In mid-August (one hundred twenty-seven days exactly from our departure date), Hubby booked us a Christmas escape, just the two of us. We are heading back to Hawai'i... again.  A part of me feels like the luckiest girl and another part feels like the old broad who hates to travel.  The twelve freaking hours in transit are not exciting me, but, come on!  It is Hawai'i after all!

We dug out our snorkel gear and went to a dive shop.  Man we care good consumers!  Let's leave it at that!  While on the Big Island, I would love to go snorkeling daily.  I will admit, I'm not the most confident swimmer, and the thought of those big winter waves is somewhat worrisome,  especially when our local friend texted us to let us know they had to close a surfing competition on the North Shore (of Oahu) because the waves were too big... nothing to warm my insides, let's say.  But I do love to see marine life, and being in the  water, so hopefully we will manage to get some days in the blue waters of the Big Island.

This year, again, I kept up my tradition of sending (a lot!) of Christmas cards, both folded and postcards. To my pleasure, I've been getting some back.

One the first weekend of December, this is how it started:


Then, the following weekend, I had a little more...


And then, this weekend, it showed that a nice load came in... I manage to almost fill out my first door. Check it out:


I'm hoping to get a bunch more this week, before we leave, I just love it!  Last night we had friends over and the man thought those were cards accumulated over the years... come on!  These are all cards received for this year's Christmas!
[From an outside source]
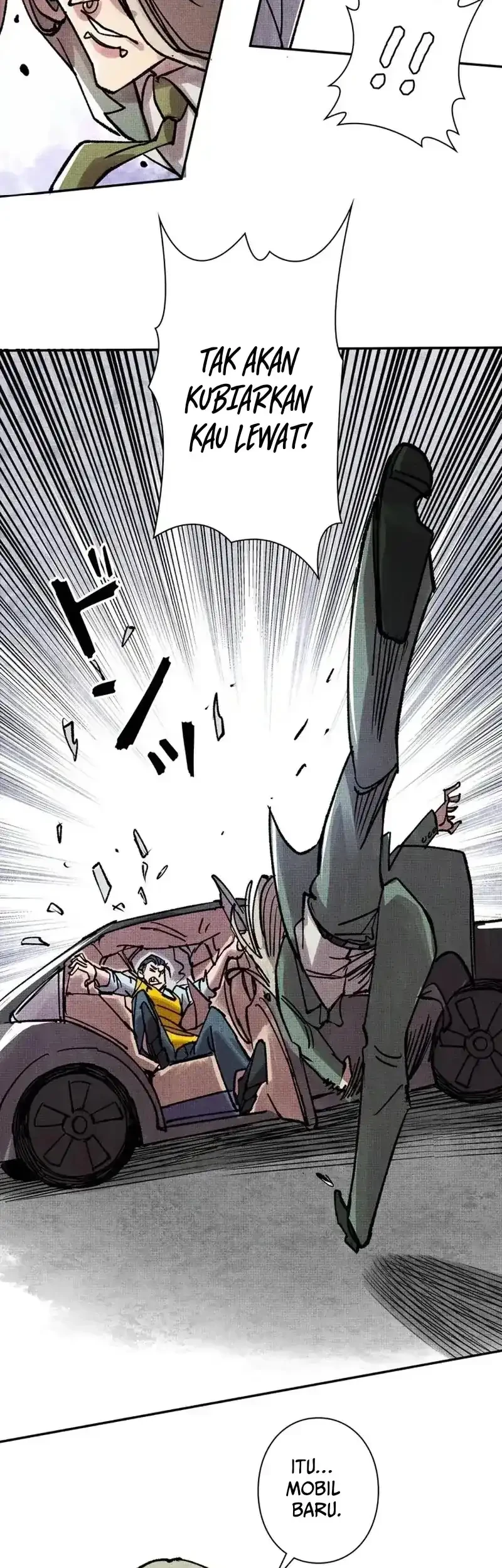 The Strongest Monster Killer Dad in History Chapter 7 - halaman 5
Remember a few years back I used to adopt a family in need at Christmas?  That was such a thrill and emotional thing.  I loved to do it.  When a friend of mine mentioned that she was going to be an elf  for a kid this Christmas, I jump on that bandwagon, I wanted in too.  I got assigned a little eight years old boy, who wrote me a letter telling me what he wanted, etc.  I had to buy him a gift, and write him back.  I wrote him a cute letter, as an elf, wrapped my gift and dropped it off at the assigned location.  I've been following the evolution of the project, organised by a teacher in a poor income area of town, and it is so touching and fun to see everyone's excitement.  Looking forward to seeing the kids'.  Hopefully she will post about it too, even if she's trying hard to keep the kids identities under wrap.
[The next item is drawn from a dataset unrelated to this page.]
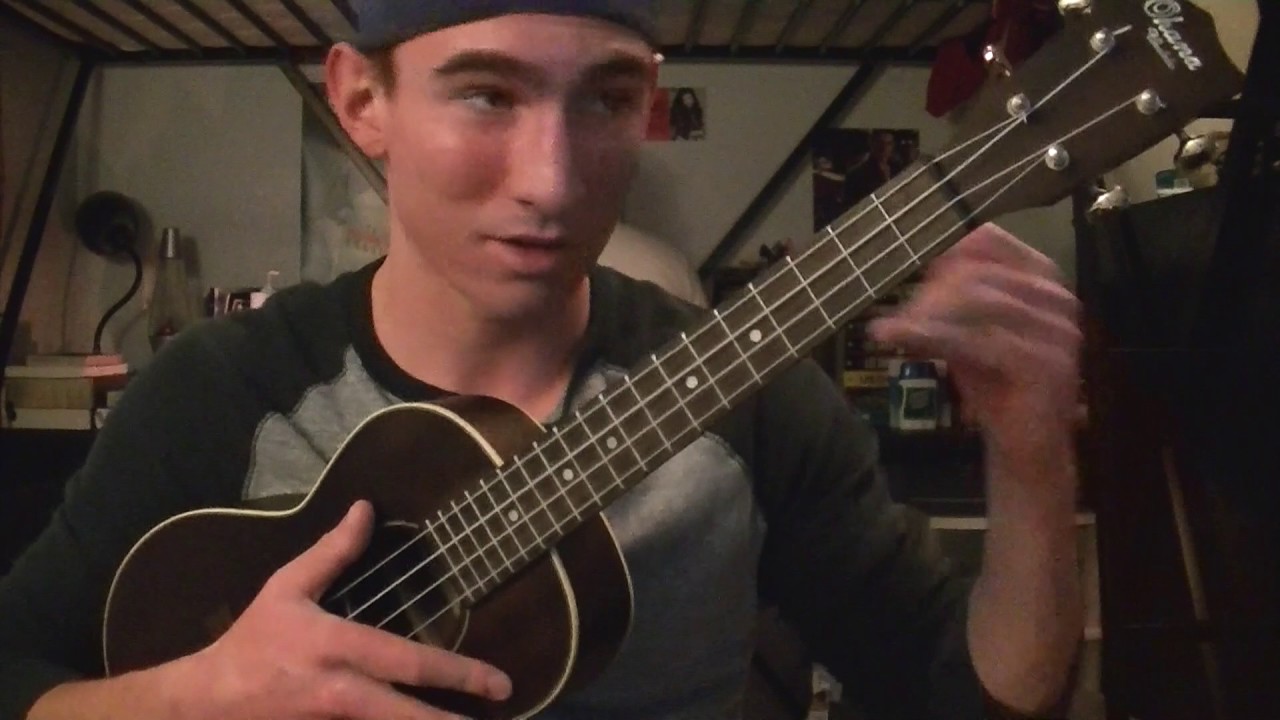 Shawn Mendes - Treat You Better - Ukulele Tutorial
Tomorrow, since we will be missing the family gathering with Hubby's cousin at either Christmas or New Year, I thought of taking the kids (the three of them) shopping for their gifts.  They chose the stores they want to go to, so I will pick them up, drive them there, let them choose (in our set budget, of course!) and pay for it all.  The only thing I'm not certain of right this moment, is if I'm going to be nice or naughty... Nice if I let them take their gifts home with them, or naughty and take the gifts away and ask the parents to give it to them on Christmas... hmmm... decisions, decisions...

Sunday, November 26, 2017

Being Me

This past week I turned fifty-one... I would lie to say it really bothers me, because it doesn't. I don't feel it and I don't really look it either.  Granted, there are times when I feel like my body and brain are not in sync, the body is showing a little more reluctance to follow let's say... but then again, I don't train like I used to... I don't train at all, actually!   I don't miss it one bit.  I know about the health benefits, etc., etc. I guess I haven't reached that point yet, where the benefits are more needed then how I feel about it.
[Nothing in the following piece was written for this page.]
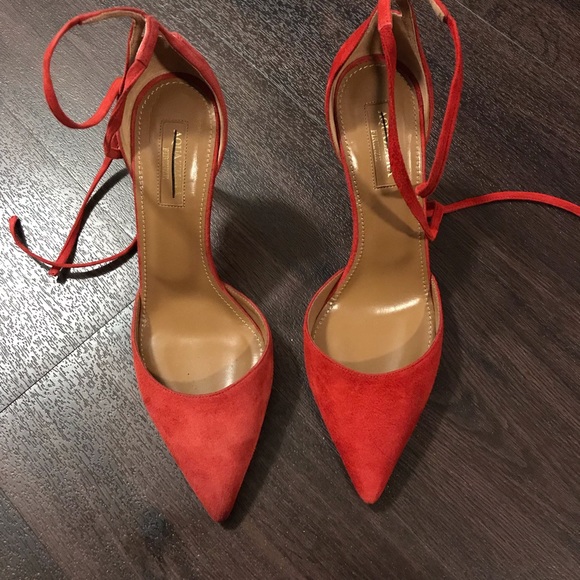 Aquazzura Shoes - ❤️Sale Aquazzura heartbreaker sandals red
One sure thing about getting old...er is the fact that we (should) learn to detach ourselves.  We learn to let go and to not care oh so much.  If not, than it should be our goal so that our remaining days are pleasant and drama free.  I don't know if it is because Hubby told me many (many!) times over that it's ok for me to let go, or if it is one of the benefit of meditation or simply because I am learning, but I'm trying hard to detach myself, to not care, to relinquish control of things (and/or people) I can not control.  I fully understand that we can't please everyone and that not everyone will like us.  I accept that.  What I (still!) don't get is how, grown adults will spread lies about others, how they will act like teens in high school and rally against someone rather than verify (for themselves) what a situation really is about.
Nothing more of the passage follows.